Shura: Nothing's Real

Photo: Andrew Whitton

Shura's thoughtful and emotionally resonant debut is as appreciative of the past as it is cognizant of its place in the present.


Nothing's Real

Label: Polydor
US Release Date: 2016-07-08
UK Release Date: 2016-07-08

The long-anticipated debut album of English singer Shura, who has been steadily releasing songs since "Touch" in 2014, reveals an artist already surprisingly confident and mature in her own style. Over the past two years, more songs on the album have been released as singles than not, and justifiably so as Nothing's Real is packed with solid, infectious, deeply catchy pop songs, most all of which can stand alone just as easily as they can run with the pack. While it has become fashionable since the dawn of the digital era in particular to decry a singles-oriented approach to popular music, Shura's debut offering proves that when every song is a potential single, the shortcomings of this approach may be largely circumvented.

While Shura is the latest in a long, long line of '80s-mining artists, what separates her from the imitators and makes her album great is quite simply the sheer quality and attention to detail of the songs themselves. Shura doesn't stop at simply mimicking the sound and aesthetic of '80s synthpop; she recalls seminal albums like Madonna's Like a Virgin, Michael Jackson's Thriller, and even later works like Janet Jackson's The Velvet Rope by mirroring those records' insistence on consistency and holism even within a pop context.

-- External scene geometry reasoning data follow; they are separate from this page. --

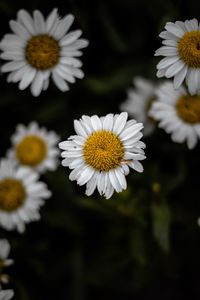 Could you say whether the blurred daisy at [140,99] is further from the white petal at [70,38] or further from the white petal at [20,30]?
the white petal at [20,30]

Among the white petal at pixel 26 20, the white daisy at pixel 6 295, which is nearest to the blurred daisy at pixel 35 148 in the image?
the white petal at pixel 26 20

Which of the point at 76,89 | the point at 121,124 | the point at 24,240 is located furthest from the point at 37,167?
the point at 121,124

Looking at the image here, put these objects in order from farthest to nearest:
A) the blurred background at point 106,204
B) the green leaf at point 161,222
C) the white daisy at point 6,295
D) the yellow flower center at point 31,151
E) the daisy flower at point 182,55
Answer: the yellow flower center at point 31,151 < the blurred background at point 106,204 < the green leaf at point 161,222 < the white daisy at point 6,295 < the daisy flower at point 182,55

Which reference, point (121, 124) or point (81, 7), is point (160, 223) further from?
point (81, 7)

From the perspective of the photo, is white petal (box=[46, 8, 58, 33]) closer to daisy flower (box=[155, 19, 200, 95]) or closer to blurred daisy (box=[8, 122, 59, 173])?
daisy flower (box=[155, 19, 200, 95])

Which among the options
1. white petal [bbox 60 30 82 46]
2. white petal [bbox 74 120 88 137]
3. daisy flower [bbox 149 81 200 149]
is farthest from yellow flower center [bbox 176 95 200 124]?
white petal [bbox 74 120 88 137]

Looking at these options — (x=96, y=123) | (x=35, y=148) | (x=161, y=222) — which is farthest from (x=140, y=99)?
(x=96, y=123)

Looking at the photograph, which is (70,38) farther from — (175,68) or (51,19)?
(175,68) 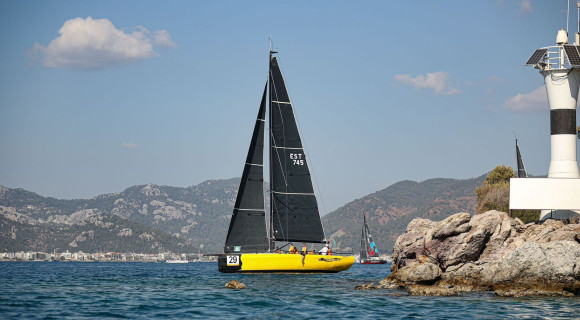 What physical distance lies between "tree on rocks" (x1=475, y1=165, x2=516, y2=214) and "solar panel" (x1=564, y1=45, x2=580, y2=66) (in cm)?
2035

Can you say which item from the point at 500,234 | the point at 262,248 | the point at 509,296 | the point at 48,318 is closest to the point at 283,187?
the point at 262,248

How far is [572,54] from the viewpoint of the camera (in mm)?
49500

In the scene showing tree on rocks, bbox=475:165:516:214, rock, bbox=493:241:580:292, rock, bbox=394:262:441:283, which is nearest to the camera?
rock, bbox=493:241:580:292

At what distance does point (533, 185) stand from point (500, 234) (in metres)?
8.37

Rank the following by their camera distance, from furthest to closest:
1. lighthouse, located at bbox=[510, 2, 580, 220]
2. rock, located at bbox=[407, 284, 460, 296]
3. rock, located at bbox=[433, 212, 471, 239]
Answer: lighthouse, located at bbox=[510, 2, 580, 220]
rock, located at bbox=[433, 212, 471, 239]
rock, located at bbox=[407, 284, 460, 296]

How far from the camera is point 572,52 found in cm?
4962

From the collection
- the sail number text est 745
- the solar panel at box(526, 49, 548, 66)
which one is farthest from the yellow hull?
the solar panel at box(526, 49, 548, 66)

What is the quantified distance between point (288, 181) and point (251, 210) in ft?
11.6

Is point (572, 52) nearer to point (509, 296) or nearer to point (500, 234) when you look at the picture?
point (500, 234)

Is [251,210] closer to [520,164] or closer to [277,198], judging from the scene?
[277,198]

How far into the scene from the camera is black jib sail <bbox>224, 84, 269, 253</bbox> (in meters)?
50.2

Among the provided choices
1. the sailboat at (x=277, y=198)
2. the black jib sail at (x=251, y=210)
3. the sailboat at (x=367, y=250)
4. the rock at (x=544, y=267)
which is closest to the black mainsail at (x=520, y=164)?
the sailboat at (x=277, y=198)

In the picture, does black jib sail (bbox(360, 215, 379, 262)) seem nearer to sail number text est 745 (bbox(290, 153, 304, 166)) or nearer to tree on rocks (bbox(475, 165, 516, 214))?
tree on rocks (bbox(475, 165, 516, 214))

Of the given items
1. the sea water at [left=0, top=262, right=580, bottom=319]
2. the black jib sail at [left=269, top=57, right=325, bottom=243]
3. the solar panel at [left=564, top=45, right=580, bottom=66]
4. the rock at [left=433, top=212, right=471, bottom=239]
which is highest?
the solar panel at [left=564, top=45, right=580, bottom=66] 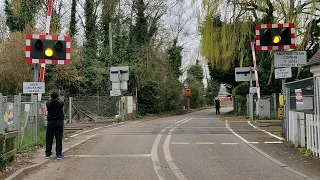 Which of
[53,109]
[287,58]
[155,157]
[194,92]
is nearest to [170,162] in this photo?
[155,157]

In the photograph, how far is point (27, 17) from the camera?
105ft

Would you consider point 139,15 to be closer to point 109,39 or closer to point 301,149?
point 109,39

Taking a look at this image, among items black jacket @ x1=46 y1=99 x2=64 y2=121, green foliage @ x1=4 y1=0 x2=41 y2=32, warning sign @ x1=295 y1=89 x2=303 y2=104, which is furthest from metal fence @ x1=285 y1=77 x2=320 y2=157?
green foliage @ x1=4 y1=0 x2=41 y2=32

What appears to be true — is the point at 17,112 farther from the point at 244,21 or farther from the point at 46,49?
the point at 244,21

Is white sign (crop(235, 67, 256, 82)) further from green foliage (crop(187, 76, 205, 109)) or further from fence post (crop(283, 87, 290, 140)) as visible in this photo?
green foliage (crop(187, 76, 205, 109))

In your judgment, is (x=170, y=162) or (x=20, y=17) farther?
(x=20, y=17)

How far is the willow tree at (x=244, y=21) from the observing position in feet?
58.1

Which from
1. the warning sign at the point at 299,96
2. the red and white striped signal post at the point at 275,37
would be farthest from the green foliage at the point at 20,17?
the warning sign at the point at 299,96

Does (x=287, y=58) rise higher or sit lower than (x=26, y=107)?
higher

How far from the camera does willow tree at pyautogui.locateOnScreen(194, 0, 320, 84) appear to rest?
17.7 metres

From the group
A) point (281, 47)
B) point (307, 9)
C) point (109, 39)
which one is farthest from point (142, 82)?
point (281, 47)

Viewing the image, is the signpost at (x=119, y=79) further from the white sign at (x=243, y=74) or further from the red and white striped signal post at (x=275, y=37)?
the red and white striped signal post at (x=275, y=37)

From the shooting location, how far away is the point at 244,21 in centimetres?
1966

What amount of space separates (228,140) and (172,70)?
103ft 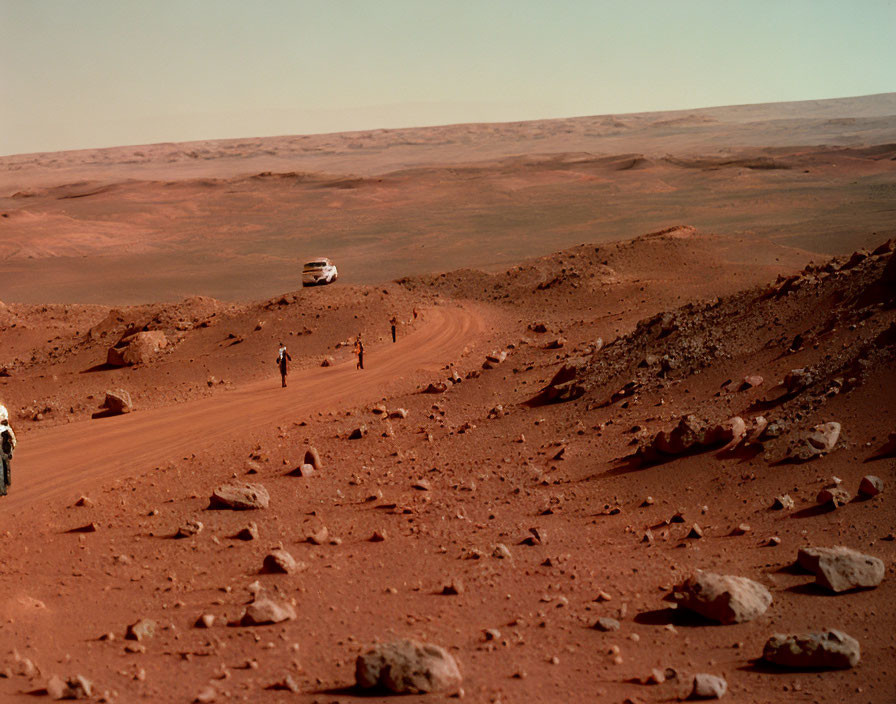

In doing so, she joins bands like Haim and future tour-mates Tegan & Sara as a contemporary purveyor of thoughtful, mature, and emotionally resonant pop music for the 21st century, as appreciative of the past as it is cognizant of its place in the present.

It's difficult to choose just three or four songs as standouts, since at least nine of the tracks are strong candidates. After a brief instrumental introduction, the title track introduces Shura as she sits in a hospital bed recovering from a panic attack brought on by the sudden attention of Internet fame, singing, "my heart's not connected" but "they're telling me I'm fine". It kicks off the album on a note of uncommon vulnerability, and immediately showcases Shura's knack for incorporating storytelling into her music. This, too, hearkens back to a different time in pop music as it's rare these days to hear a pop song conform to a narrative as explicitly as, say, "Papa Don't Preach" or "Billie Jean", with most artists gravitating towards vague or universal subject matter to which any listener can likely relate directly.

"Nothing's Real" is about as specified and unusual of subject matter that Shura pursues on the album, however, with most other songs approaching more traditional pop territory, namely, the beginnings and ends of romance. Nonetheless, when Shura settles on a theme she tends to stick with it faithfully for the duration of the track. Often, she finds herself seeking to resolve a persistently ambiguous situation, as on "What's It Gonna Be?" and "Indecision". Other songs, like the surprisingly physical and tastefully lusty "Tongue Tied", deal more in the consummation of long-percolating sexual tension, whereas "Touch" and "What Happened to Us?" provide the sensitive and wounded cuts that ground the album's humanity.

"White Light", the album's epic highlight of highlights, elevates what could have been solid but relatively unremarkable lyrics into a moment of absolute transcendence, with Shura merging entirely with her object of affection on a horizon of ecstasy. Not a second of the song's seven-minute running time feels wasted or unnecessary, and indeed, its drawn out guitar parts simultaneously carve out the album's weightiest and most joyful moments.

Not to be understated, finally, is the importance of Shura being an openly gay artist operating within the pop world. While Nothing's Real still shines under a more formalist reading, which would treat such information as irrelevant, any person who has grown up queer or otherwise marginalized knows the importance and power of representation, and Shura joins the ranks of artists like Troye Sivan, Frank Ocean, Austra, and of course the aforementioned Tegan & Sara as part of a new front of visibly queer artists who are taking ownership of their sexual identities and incorporating them seamlessly into their music. In this sense, Shura's nostalgic music is also very much of this moment, which, given our current place in history, may in fact necessitate some form of retrospection and reckoning with the past even while pioneering toward the future.